Reflections on 1914/2014

A year of commemoration

Memories of World War I are being recycled, restaged and transformed for the future. And a common historical frame allowing European nations to remember their stories collectively is within reach: an opportunity we cannot afford to squander, writes Aleida Assmann.

Since January 2014 European nations have been exhorted by the media and their cultural institutions to remember World War I. For some countries with continuous commemorative traditions of 1914/18 such as France, England, Belgium, Australia and New Zealand, this reminder may have seemed superfluous. In Russia, on the other hand, World War I remains a silent event that has been erased from schoolbooks and public memory. However, for other countries like Germany or Austria, where World War I has virtually no presence in collective memory, this prescribed focus of public and political attention was a real wake-up call, stirring public interest, personal empathy and heated intellectual debates.

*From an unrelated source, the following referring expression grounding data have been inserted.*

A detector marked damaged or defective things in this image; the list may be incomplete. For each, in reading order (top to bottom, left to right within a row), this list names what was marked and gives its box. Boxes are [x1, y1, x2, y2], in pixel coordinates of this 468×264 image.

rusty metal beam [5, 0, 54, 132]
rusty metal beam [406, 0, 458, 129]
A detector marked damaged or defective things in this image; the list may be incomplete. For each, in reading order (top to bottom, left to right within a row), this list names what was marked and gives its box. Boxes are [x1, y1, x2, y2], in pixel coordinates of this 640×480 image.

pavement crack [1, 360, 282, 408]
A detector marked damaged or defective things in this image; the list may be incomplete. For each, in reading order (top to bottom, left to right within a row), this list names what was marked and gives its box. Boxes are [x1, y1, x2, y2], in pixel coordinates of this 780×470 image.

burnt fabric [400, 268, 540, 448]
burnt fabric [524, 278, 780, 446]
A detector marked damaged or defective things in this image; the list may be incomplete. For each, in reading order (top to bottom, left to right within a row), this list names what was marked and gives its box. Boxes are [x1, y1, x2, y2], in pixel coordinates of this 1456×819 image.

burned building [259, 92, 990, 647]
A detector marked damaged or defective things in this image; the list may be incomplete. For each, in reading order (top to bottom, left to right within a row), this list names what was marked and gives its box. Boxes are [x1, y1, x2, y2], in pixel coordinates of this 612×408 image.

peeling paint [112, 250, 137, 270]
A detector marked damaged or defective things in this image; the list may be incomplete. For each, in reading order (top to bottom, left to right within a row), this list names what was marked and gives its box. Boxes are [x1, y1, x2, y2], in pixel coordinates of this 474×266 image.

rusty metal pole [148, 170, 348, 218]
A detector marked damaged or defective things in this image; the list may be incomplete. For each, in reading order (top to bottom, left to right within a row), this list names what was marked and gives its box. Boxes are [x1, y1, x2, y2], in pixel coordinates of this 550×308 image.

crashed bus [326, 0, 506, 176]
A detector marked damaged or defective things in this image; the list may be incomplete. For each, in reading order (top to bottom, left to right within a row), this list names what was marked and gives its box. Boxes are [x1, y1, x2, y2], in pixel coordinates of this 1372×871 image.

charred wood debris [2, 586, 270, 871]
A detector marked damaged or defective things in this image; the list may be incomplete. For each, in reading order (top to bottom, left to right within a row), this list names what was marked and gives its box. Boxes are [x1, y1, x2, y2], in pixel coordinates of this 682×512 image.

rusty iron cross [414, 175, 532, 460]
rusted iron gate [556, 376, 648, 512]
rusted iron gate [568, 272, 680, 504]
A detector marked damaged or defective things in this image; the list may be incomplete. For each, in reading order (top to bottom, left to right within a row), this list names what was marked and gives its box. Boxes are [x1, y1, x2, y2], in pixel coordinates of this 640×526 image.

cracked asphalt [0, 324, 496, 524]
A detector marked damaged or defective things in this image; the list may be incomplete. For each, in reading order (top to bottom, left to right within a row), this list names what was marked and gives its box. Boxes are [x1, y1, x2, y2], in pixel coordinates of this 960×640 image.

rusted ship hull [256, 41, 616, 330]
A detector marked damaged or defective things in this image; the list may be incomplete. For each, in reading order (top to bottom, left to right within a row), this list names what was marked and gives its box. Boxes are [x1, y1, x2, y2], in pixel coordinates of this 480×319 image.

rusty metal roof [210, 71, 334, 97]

1. One hundred years: A watershed in the history of memory

We often hear critical voices questioning the general prescription of a year of commemoration as an artificial construct. It has nothing to do, it is argued, with an inherent psychic inclination, but follows the abstract magic of numbers and is therefore considered to be a problematic external imposition on society. After ten months experience of the current year of commemoration, however, we can say that the stipulation of this artificial memory was very successful; it was widely embraced and attracted an extraordinarily high level of attention and interest. We may say that this lively response has transformed media offerings into real media events. No one could have predicted this “commemorative avalanche” (as Jay Winter has called it) and the enormous public resonance with which it was met across many European borders.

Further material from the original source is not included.